Demis Hassabis, the Nobel chemistry laureate and Google DeepMind chief executive officer (CEO), said the gap between the United States and China in artificial intelligence (AI) technology has narrowed to just a matter of months.
On the 15th (local time), in an interview with U.S. business network CNBC, CEO Hassabis said of China's AI capabilities, "I think they are much closer to the cutting-edge models in the United States or the West than we expected 1 to 2 years ago," adding, "At this point, they are likely only a few months behind."
He cited China's AI models that are rapidly catching up with U.S. AI, including DeepSeek, the cost-effective model that shook the market in Jan. last year, Alibaba, and ZhipuAI, which was recently listed on the Hong Kong Stock Exchange.
However, CEO Hassabis said that while China may catch up with the United States in AI, it remains uncertain whether it can create new innovations that go beyond performance improvements in cutting-edge AI models. He said, "China has yet to show whether it can achieve an innovation like a new transformer that goes beyond the cutting edge."
The transformer is a language model that Google released in 2017, and it is the technology that underpins widely used Generative AI such as ChatGPT and Gemini. In OpenAI's popular chatbot "ChatGPT," the "T" is the initial of transformer.
He said, "Inventing something is 100 times harder than copying," emphasizing, "That is the real next-generation challenge." He added that this is not merely a matter of technical capability but of a culture or spirit that encourages innovation and exploration.

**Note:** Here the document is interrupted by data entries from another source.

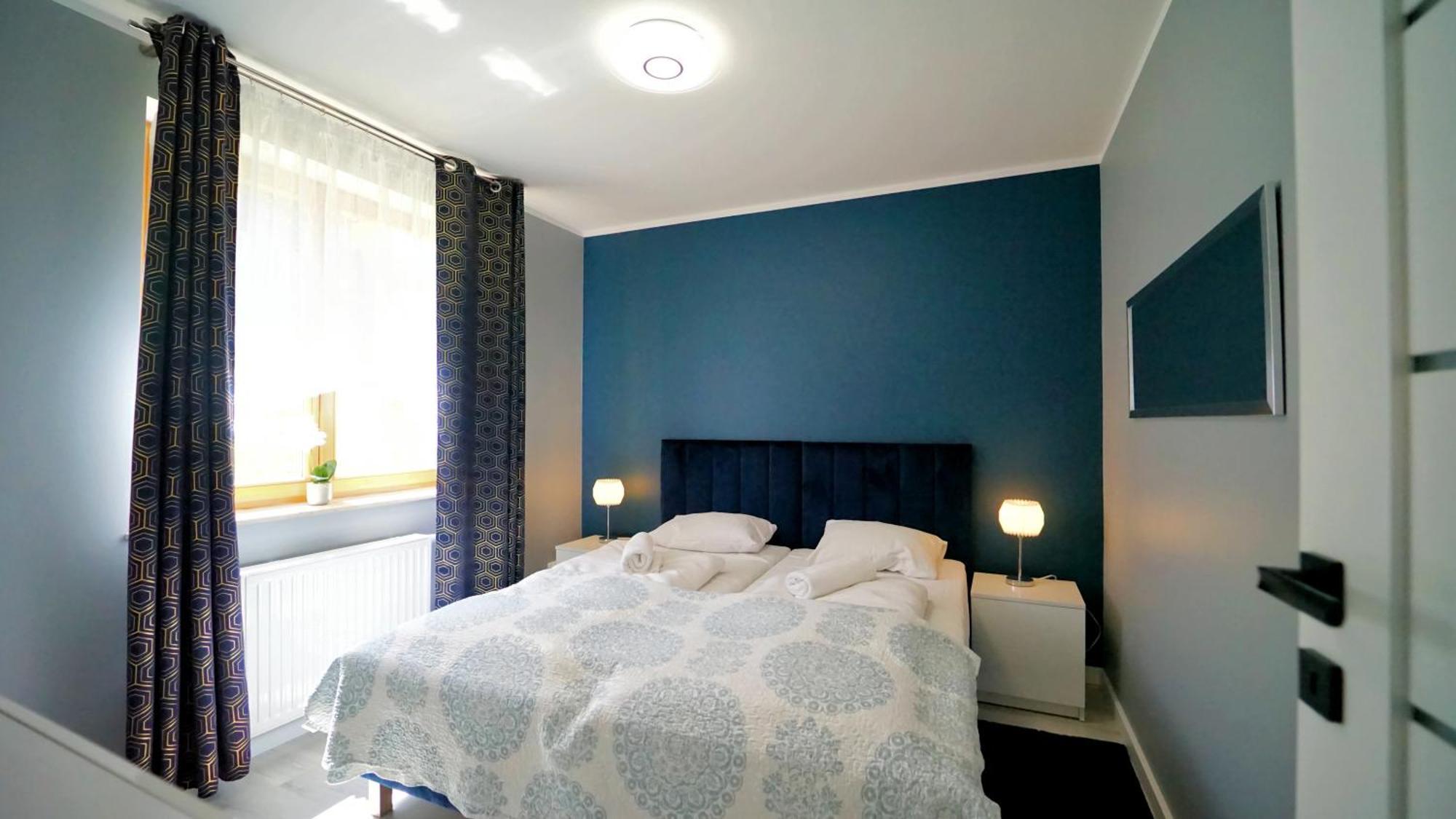 Apartamenty Everysky - Mysliwska Карпач Екстер'єр фото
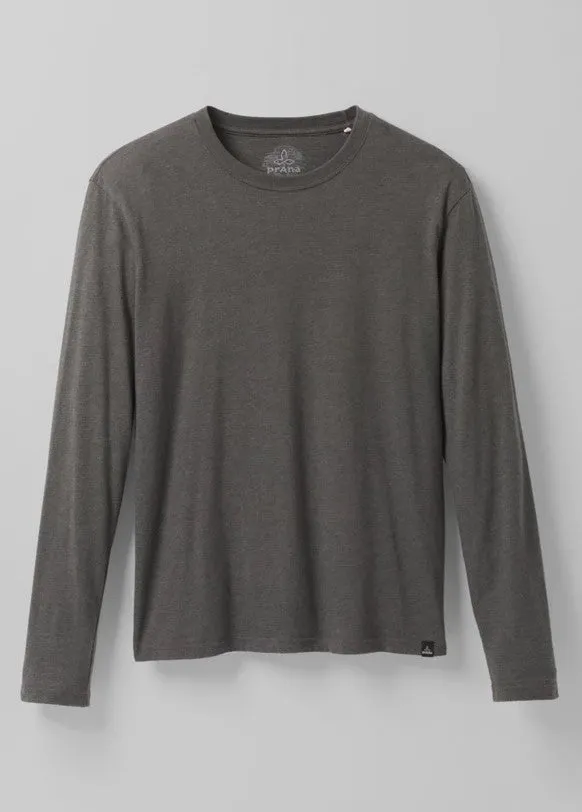 Men's prAna Long-Sleeve T-Shirt
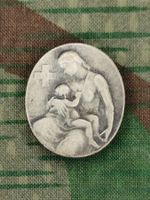 1. August Abzeichen 1945, Variante 1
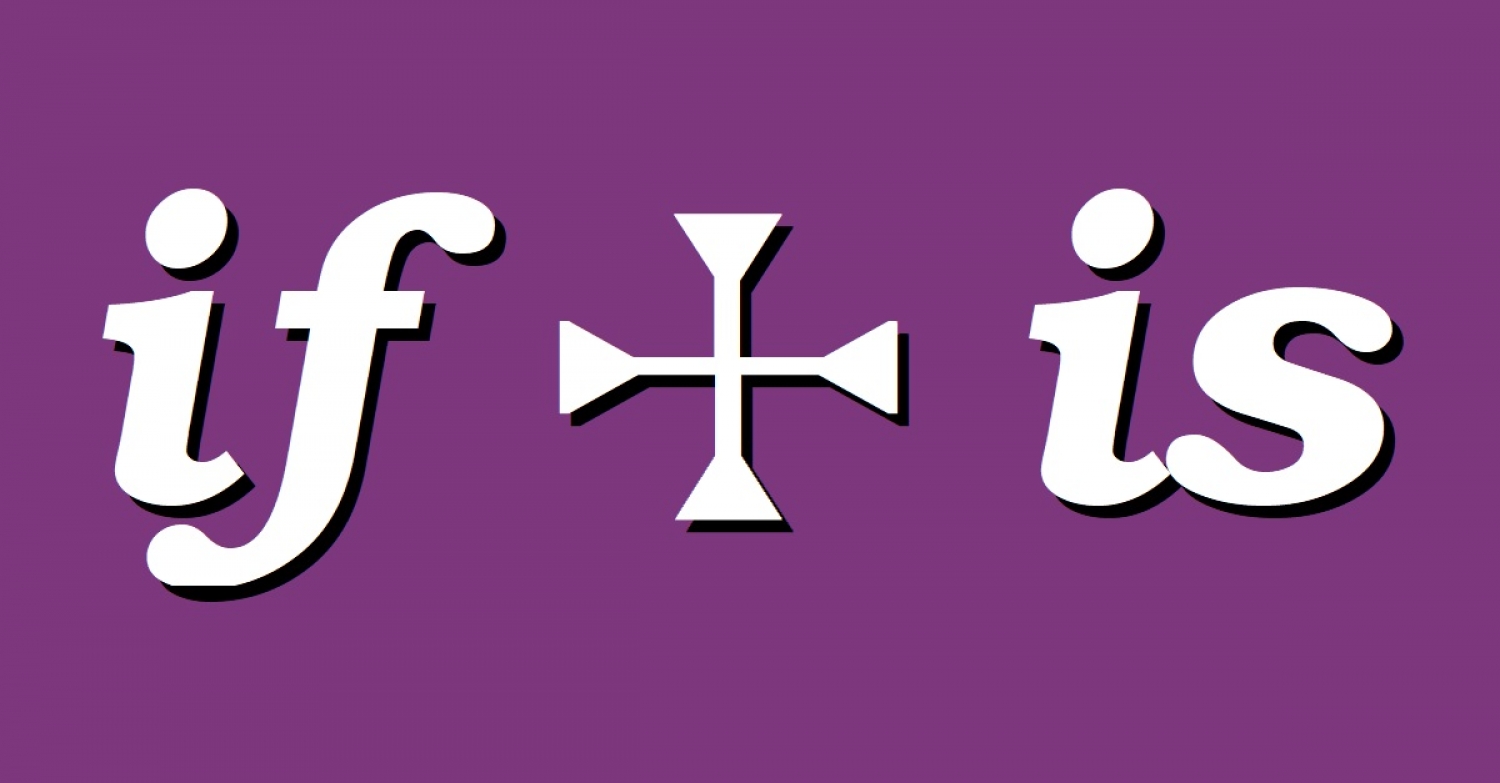 If & Is / Luke 4:1-13 / Rev. Lowell Dennis, Emeritus / Sunday March 9th 2025 / Season of Lent / Mount Olive Lutheran Church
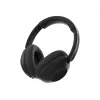 Sudio K3 auriculares over-ear sem fios com ANC híbrido, Bluetooth 5.3, bateria de 60h, Ink Black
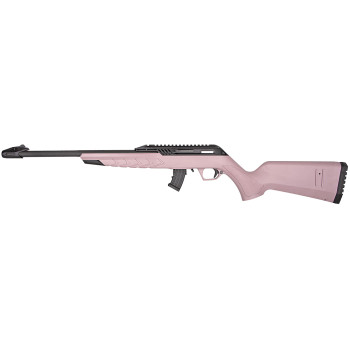 DERYA TM22 22LR 18" 10RD PINK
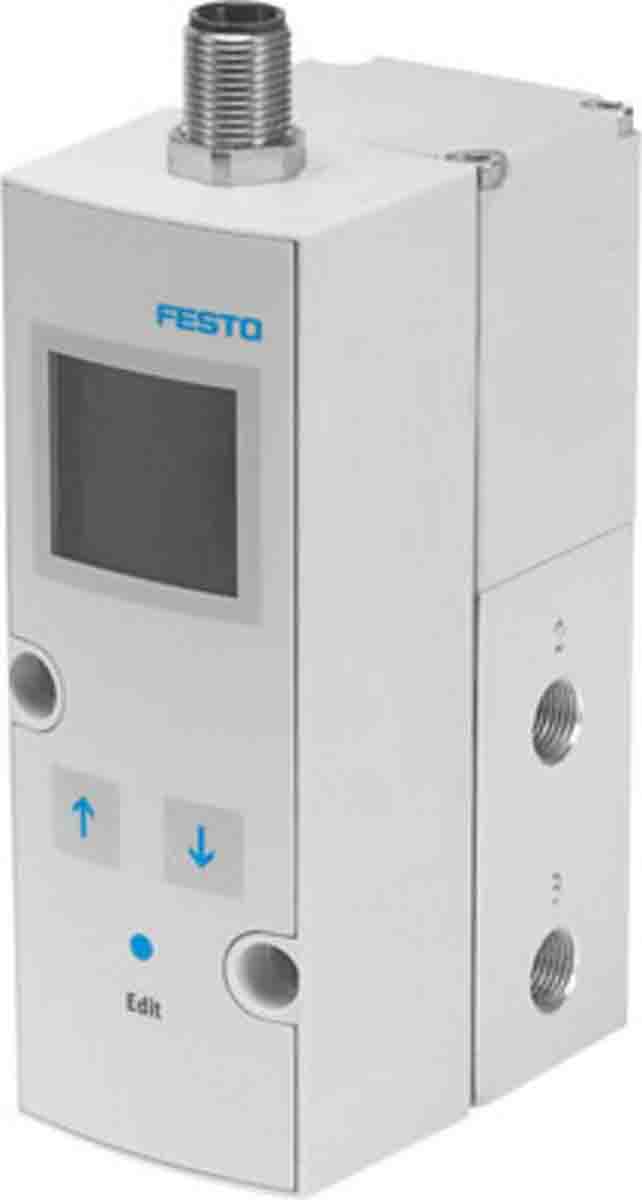 VPPM-6L-L-1-G18-0L6H-V1P-S1C1, Festo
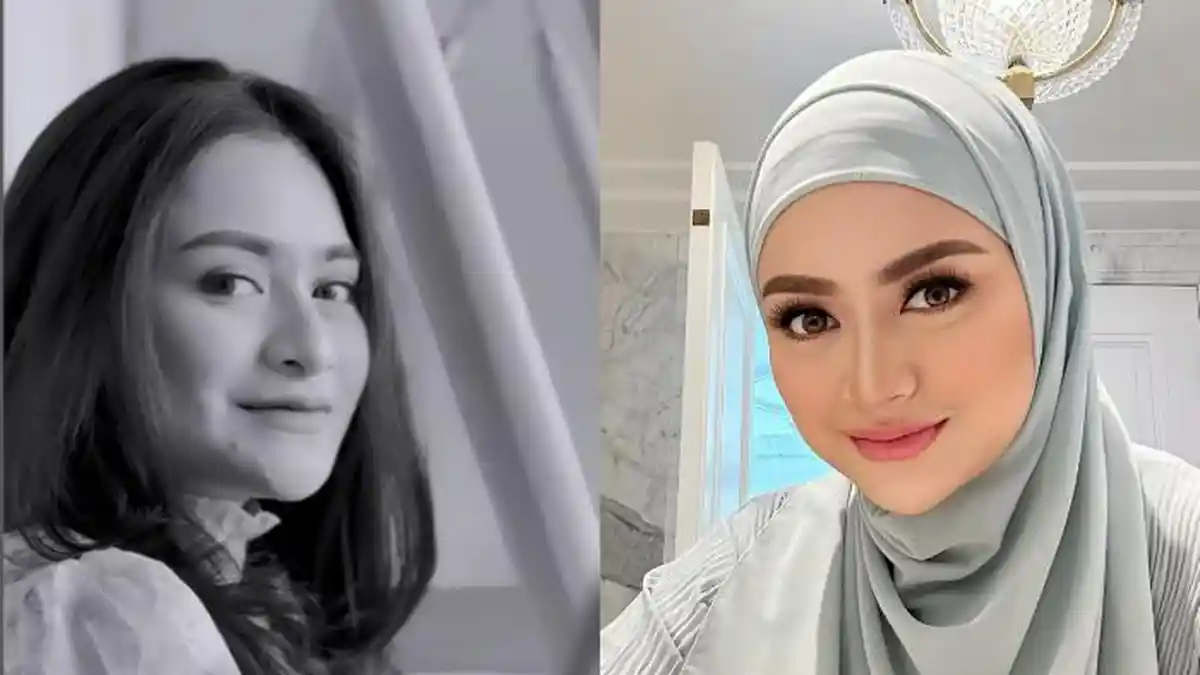Tanggapi Nathalie Holscher Lepas Hijab, Ustaz Derry Sulaiman: Pakailah ...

He predicted that artificial general intelligence (AGI) could be developed in the near future. He said, "When I started DeepMind in 2010, I thought it would take about 20 years to build AGI," adding, "Now I think we are 5 to 10 years away from that goal."
On the AI bubble debate, he said, "Some parts of the industry may be in a bubble, but fundamentally AI is the most innovative technology humanity has invented," adding, "There are aspects similar to the internet bubble. In the end, the internet was fundamental, and during that period corporations that defined a generation were born."
He expressed regret that Google lagged in the early AI race despite releasing many core technologies such as AlphaGo and transformers. He said, "Google effectively invented 90% of the technologies everyone uses today, but in retrospect we were somewhat slow to commercialize and scale them," adding, "OpenAI and others did that part well."
Asked whether Google's AI model Gemini, which recently ranked at the top in benchmarks, can maintain that lead, he answered, "Of course."
Hassabis, the founder of DeepMind, has led Google's AI technology development since Google acquired DeepMind in 2014.